After you create the stored procedure and command file, you can run the ExportChargeBackFile command regularly for new time periods to get the information that you need to calculate the charges to users for running jobs on the cluster. To avoid charging users multiple times for running the same job, specify a time period for the ExportChargeBackFile command that does not overlap the time periods you specified when you ran the command previously. For example, if you previously ran the ExportChargeBackFile 2009-12-1 2009-12-15 command, next time run the ExportChargeBackFile 2009-12-16 2009-12-31 command.

Frequency for exporting data to calculate chargeback The examples that charge different rates depending on the node group or processor that the job ran on use information from the AllocationHistoryView. The HPCReporting database typically stores the data for this view for only a short amount of time—five days by default. The length of time that the database stores this data is specified by the AllocationHistoryTtl configuration parameter. So for these examples, you need to run the ExportChargeBackFile command as often or more often than the value specified by this configuration parameter.

The database stores the data for the JobHistoryView that is used in the example that charges a single rate for total job usage for a longer period of time—365 days by default. The length of time that the database stores this data is specified by the DataExtensibilityTtl configuration parameter.

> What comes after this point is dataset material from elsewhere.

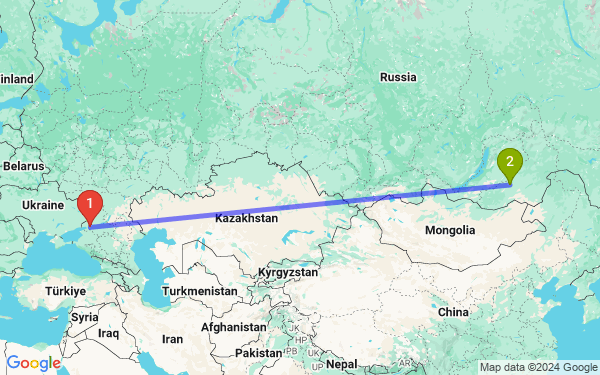 Маршрут из Ростова-на-Дону в Читу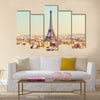 View on Eiffel tower at sunset, Paris, France Multi panel canvas wall art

In this case, you need to run the ExportChargeBackFile command as often or more often than the value specified by the DataExtensibilityTtl configuration parameter.

For more information about these configuration parameters that control how long the database stores data, see Reporting Features in Windows HPC Server 2008 R2.

Step 2: Adding charge calculations and creating the report in Excel

After you export the data for a given time period to a .csv file, you can open that file in Excel, add calculations to determine the charge for each user, and create a report of those charges.

Creating a report in the case where you charge a single rate for total job duration is slightly easier than in the other cases.

Ff423713.wedge(en-us,VS.85).gifTo add charge calculations and create the report in Excel when charging a single rate for total job usage

  1. In Windows Explorer, browse to the drive:\Reporting folder, and then double-click JobUsageBased_EndDate.csv.

  2. Verify that the spreadsheet contains user names in the first column and numbers in the second column.

  3. Right-click the row number for the first row, and click Insert to insert a new row before the first row.

  4. Add the following heading text to the first three columns of the first row.

    User

    Total Job Runtime (ms)

    Total Charge

     

  5. In the cell directly under the Total Charge heading, enter the following formula:

    =B2*rate_per_hour/3600000

  6. Click the cell to which you added the formula and drag the mouse down the column to the last row that contains data, and then type CTRL+D to apply the formula to each row.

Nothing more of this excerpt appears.